Ancora oggi sono famose certe vie che portano verso santuari famosi. Da qui ben noti cammini o pellegrinaggi verso mète geograficamente determinate, diciamo carnali. Non vorrei distruggere il valore anche pedagogico di un cammino, e tanto meno il valore religioso di certi pellegrinaggi, che un tempo segnavano la conversione di tante persone. Ma mi chiedo in quanti sappiano andare oltre l’aspetto fisico. Il vero cammino è in noi, in quel progresso di riscoperta di un mondo che è meraviglioso, proprio perché interiore.
Certo, Cristo ha anche compiuto dei miracoli, poi gli esegeti si dividono nel dirci il significato di questi miracoli, forse dimenticando che già l’autore del quarto vangelo parla di “segni”: ogni fatto esterno indica qualcosa di profondo, ed è questo qualcosa di profondo che bisognerebbe cogliere in ogni gesto esteriore. I miracoli in sé contano poco, o nulla. Contano in quanto segni rivelatori del Mistero divino.
Del resto, tutta la Natura o il Creato è un miracolo di vita che nasce o sta per partorire. Ma quanti sanno cogliere il segno divino di questo miracolo? La gente inizialmente correva dietro al Messia perché compiva miracoli, poi, quando ha capito che Gesù chiedeva di più, allora gli stessi discepoli si sono allontanati.
Lo stesso racconto del cieco nato nel quarto Vangelo assume un significato del tutto particolare: dalla vista fisica si passa alla vista della fede.
Gesù non si limita a citare alcuni passi sparsi del libro di Isaia, sempre in ogni caso da leggere in senso evangelico, ma di suo aggiunge: “ai poveri è annunciato il vangelo”. Richiederebbe troppo tempo, ma credo di averne anche parlato altrove, spiegare il senso da dare alla parola “povero” e alla parola “vangelo”.

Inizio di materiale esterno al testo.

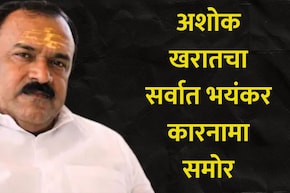Ashok Kharat: भोंदू खरातने देवदर्शनाच्या नावाखाली केलेला नवा प्रताप उघड! मुंबई, ठाणे, धुळ्यातील 19 जण रडारवर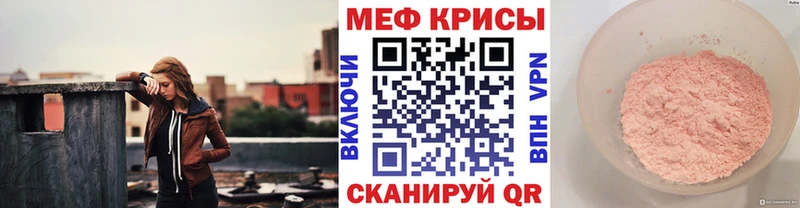 МЕФ мяу мяу Горячеводский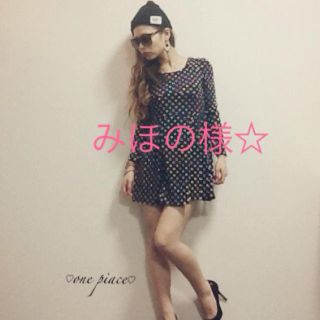 みほの様♡(セット/コーデ)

Almeno qualcosa vorrei ancora dire. Già nelle Beatitudini, pagina introduttiva al famoso Discorso della Montagna presente nel Vangelo secondo Matteo, Gesù specifica chiaramente chi è “beato”: è anzitutto il povero nello spirito, ovvero il povero che si è spogliato liberamente di ogni eccesso di avere, dando così piena libertà di spazio allo spirito interiore. E allora annunciare il Vangelo ai poveri non è sfamarli solo fisicamente, dar loro qualcosa di materiale, ma è comunicare loro la Bella o Buona Notizia che sta in quella conversione interiore, per cui in ogni essere umano, anche in chi è povero materialmente, è presente un segreto sempre da scoprire.
Non impressiona il fatto che, una volta, quando la gente era povera, aveva sì il necessario per vivere ma non quel di più di oggi: aveva una tale saggezza di vita da rimpiangerla da parte di noi moderni che tra crisi e non crisi non sembra che viviamo di stenti, anzi siamo immersi in una società che ci stimola, ci spinge, ci sommerge in un mondo di superfluo. Sarei tentato di dire che una volta la gente era intelligente, diciamo saggia, e che oggi questa società è imbecille, e che perciò avrebbe bisogno di essere evangelizzata nel vero senso della parola.